30 Days | 30 People: Day 1
Inspired by the great Jaimee Newberry, I’m going to do a 30 days | 30 people post where I write for about 25 minutes about a person who has affected my life. Everyday I will write about someone different, and the order of the people means nothing, just whoever pops into my mind before I start writing. Hope you all enjoy this little writing experiment!
*I will not be editing these posts after the timer is up (just like Jaimee did in her posts) so I apologize for any grammar/spelling mistakes
I’m starting off with my favorite person in the whole world- my grandma, Diana Bafford. Unfortunately we lost her to breast cancer some years ago and I can honestly say I’ve never truly gotten over it. She was my best friend, the one I would always go to whenever my parents were fighting or just someone to talk to. She was the most loving, caring, and thoughtful person I have ever known. I hope to one day be as amazing of a person as she was.
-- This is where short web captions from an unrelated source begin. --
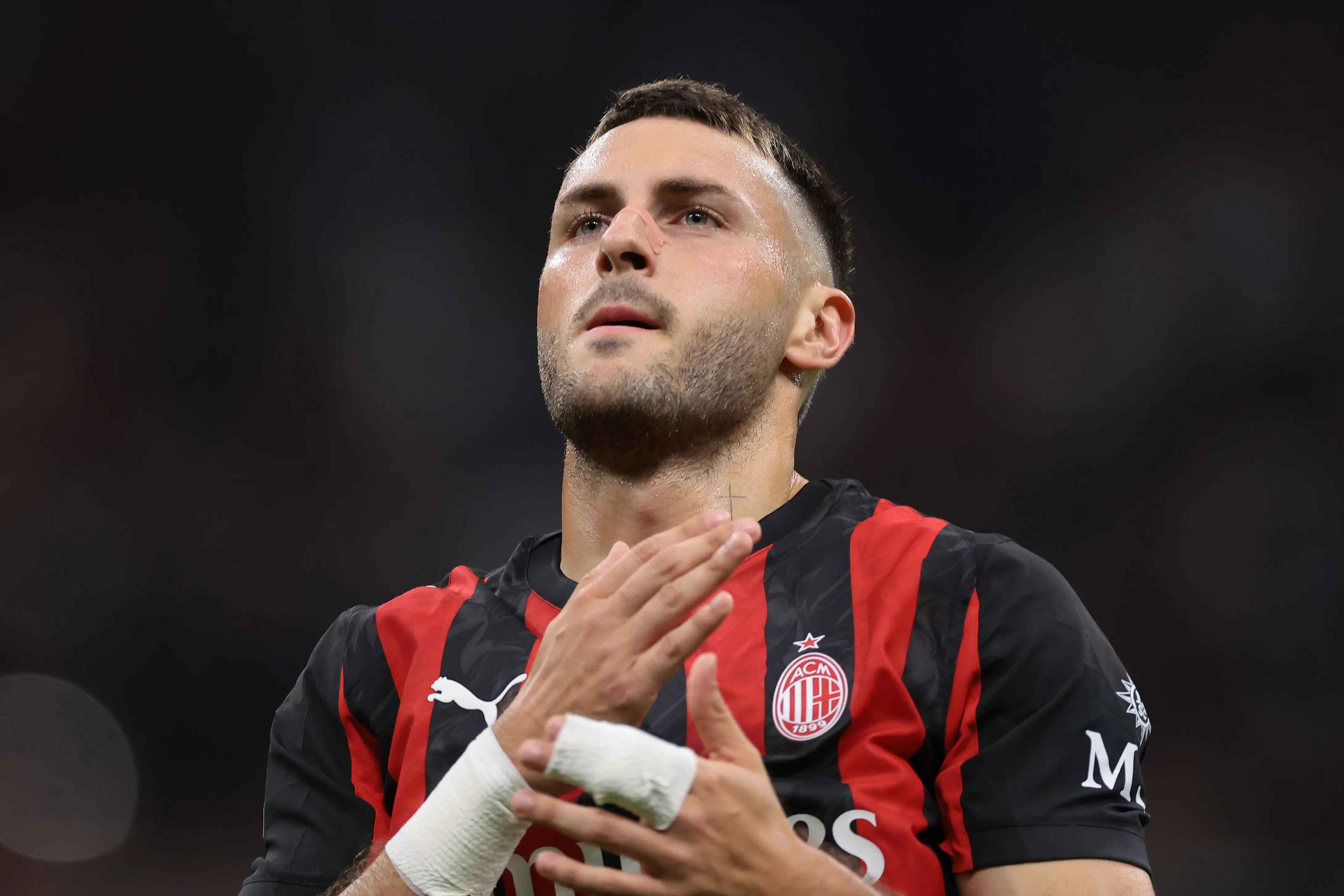 Santiago Gimenez llegó al Milan en 2025 (Getty Images)
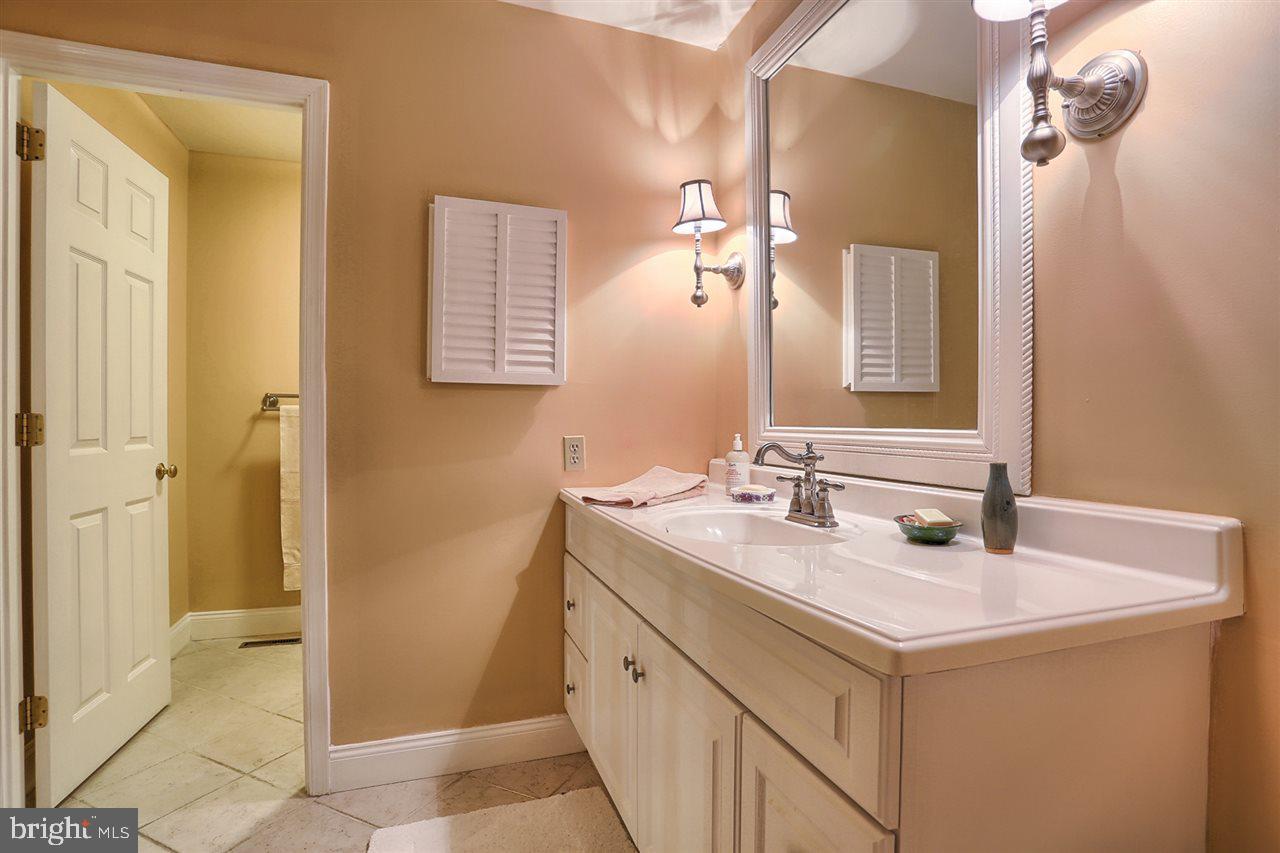 OAKMONT - Residential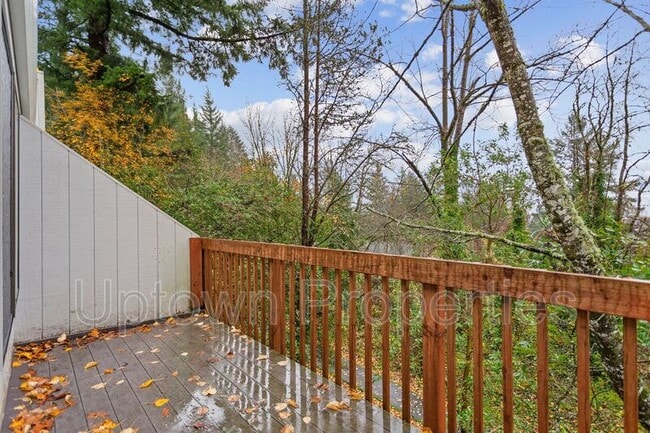 Building Photo - 250 Cervantes Cir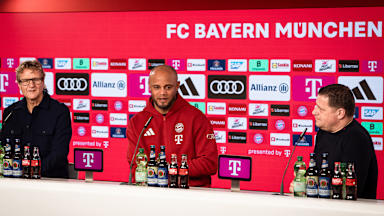 Vincent Kompany und Max Eberl im Pressetalk vor dem Spiel gegen den VfB Stuttgart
Diana Bafford was born in Reno, Nevada and had 3 sisters and 1 brother. She was always the jokester in the room and could make anyone laugh at the drop of a dime, no matter what kind of mood they were in. She was always looking for ways to cause mischief with her brother John. They would always play tricks on each other, and whenever John came over he used to flip all of the pictures in the house upside down, which always made my grandma (and everyone else) smile.
She was first diagnosed with breast cancer before I was born or around the time I was born (I’m not totally sure when it was). She was able to fight the cancer until it came back some years later, but not just breast cancer, it had spread to her skin and lungs. When she started going through chemo and began losing her hair, she would always sing “Man I Feel Like a Woman” by Shania Twain and that always seemed to lift her spirits. She was such a fighter and tried so hard to hide the pain she was going through from me. Wegmans was her favorite place to go, and even when she was really sick we would bring her there, oxygen tank and all. She wasn’t able to last very long, but it always brought her so much joy to go, which is why I think no one ever turned her down.
It’s so incredibly hard to watch someone you love be in so much pain. It was so hard to watch the strongest person I knew become so weak and helpless. How could such an amazing person be consumed by such a terrible disease??
I was at summer camp the day she passed. I remember I was sitting at dinner and a camp counselor came over and said there was something they needed to tell me. I remember walking outside and seeing my dad in tears (I had never seen him cry like that) and my heart dropped instantly. I don’t remember hearing the words come out of his mouth but I do remember trying to run away. I was SO devastated and mad at the world — how could my best friend and greatest person I know be taken away from me??? To this day, all these years later that question still crosses my mind. I sit here in tears while writing this post — I have the hardest time talking about her without crying; I think it’s because I never truly accepted the fact that she’s gone forever.
There are still times when something happens, good or bad, and the first person I think to call is her, even after all this time. I just hope she is looking down on me and is proud of everything I have accomplished so far in life.